INSPIRATION

By J. E. F.

There is no subject more basic than that of inspiration. The literal and root meaning of inspiration is "breathe into," and the prac­tical import is that God put His message in men and moved them to say exactly what He wanted said. The Bible lays claim to being that kind of an inspired word - men did the speaking or writing but they did not speak from their own wisdom; they spoke accord­ing as God directed them. If the Bible is in truth and fact the inspired word of God, then it certainly must be the only safe and relia­ble standard for our faith and practice. The value and authority of the Scriptures are thus directly dependent upon whether or not they are inspired, i.e., "breathed of God."

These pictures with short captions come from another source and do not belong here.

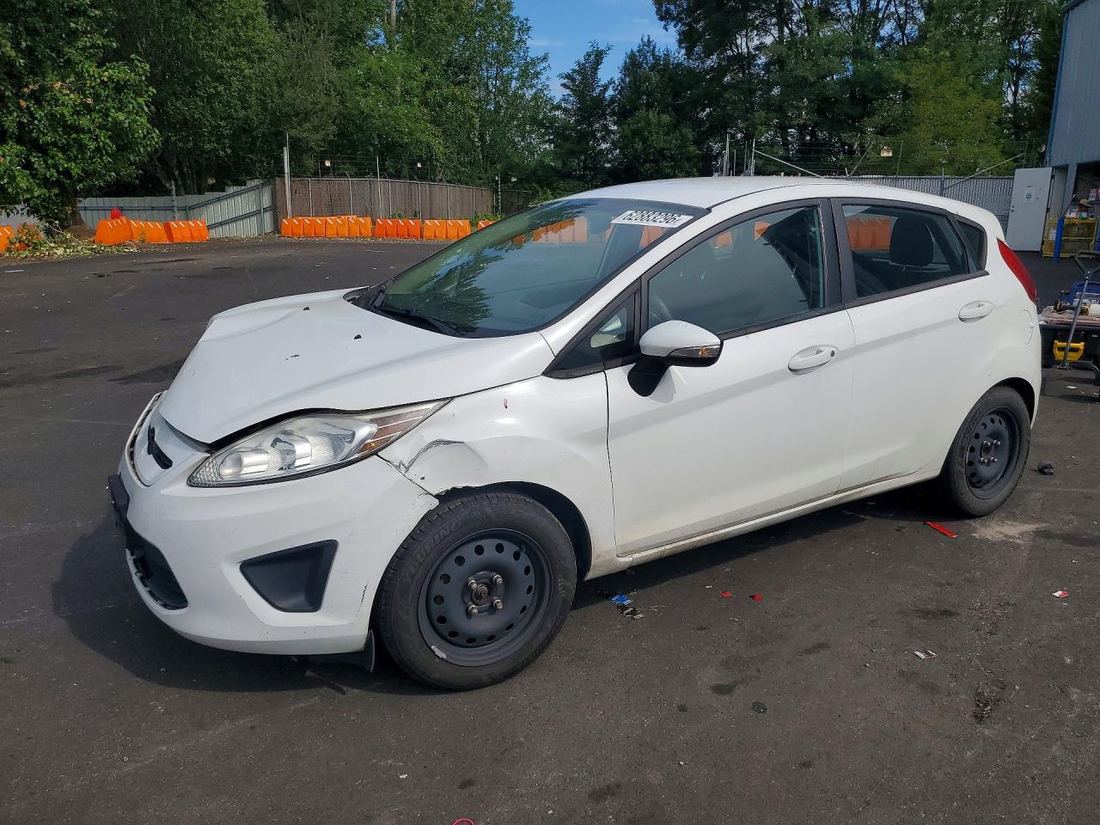 2013 FORD FIESTA
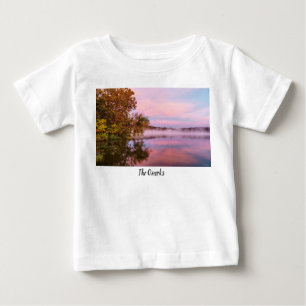 Camiseta para bebé de una mañana deliciosamente ro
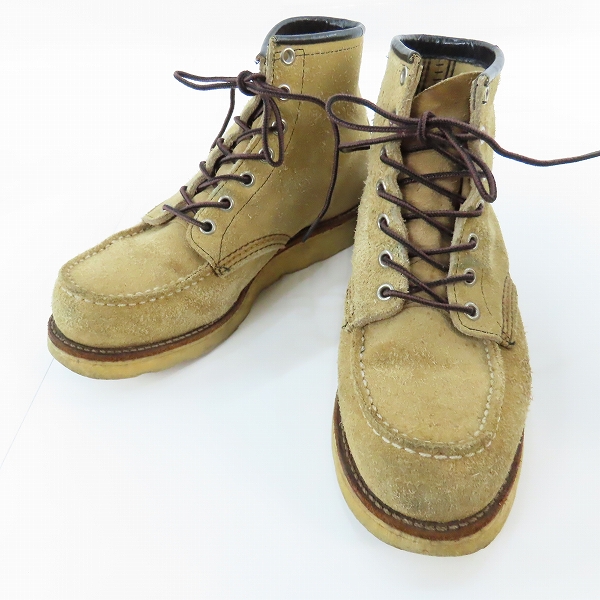 実際に弊社で買取させて頂いたRED WING/レッドウィング 犬タグ スウェード アイリッシュセッター/7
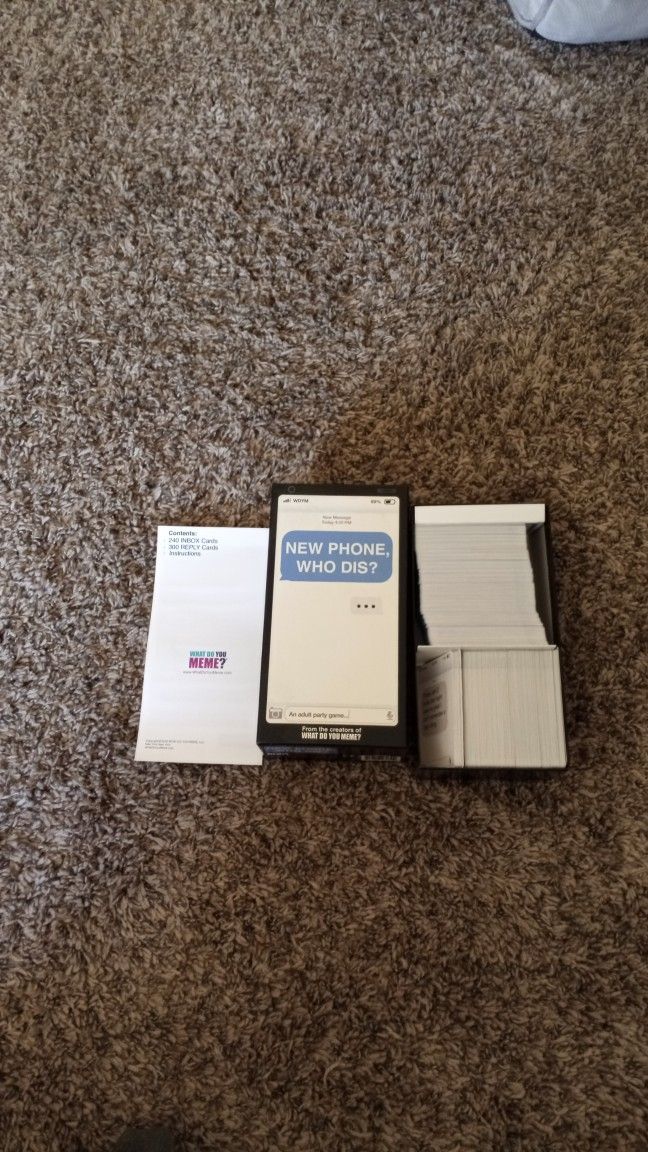 Adult Card Game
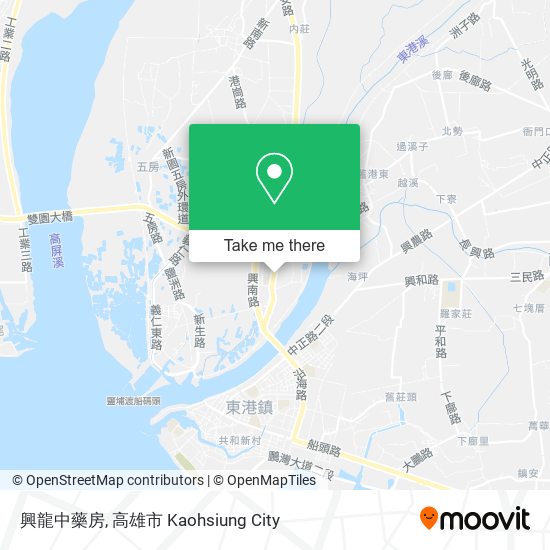 興龍中藥房 map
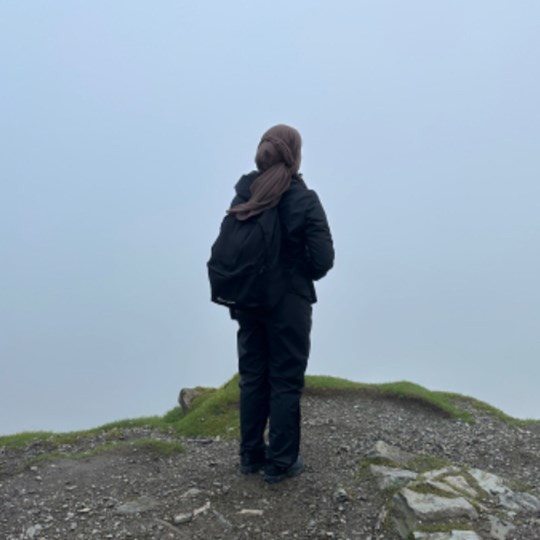 Anjuma's PEN Y FAN Charity Trek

This is the argument and claim of 2 Peter 1:20, 21: "Knowing this first, that no prophe­cy of the scripture is of any private inter­pretation. For the prophecy came not in old time by the will of man: but holy men of God spake as they were moved by the Holy Spir­it.” “Private interpretation” does not refer to an individual hearer's understanding, for Peter is discussing its origin, not its reception. “Private interpretation,” therefore, has to do with the speaker, not the hearer, and is tantamount to saying that the prophets did not speak their own personal understandings.

They rather spake as the Holy Spirit "moved them." In fact, the prophets did not always personally understand the message (1 Peter 1:10-12) and would have been rather hard put to tell what they did not know or to explain what they did not understand. But [being "moved by the spirit"] they did not need to rely on their personal opinions and interpre­tations. The book of Jeremiah, for example, is not the personal view and private in­terpretation of the prophet, but rather it is the "word of the Lord" (Jer. 1:4) expressed according as the Spirit moved the prophet.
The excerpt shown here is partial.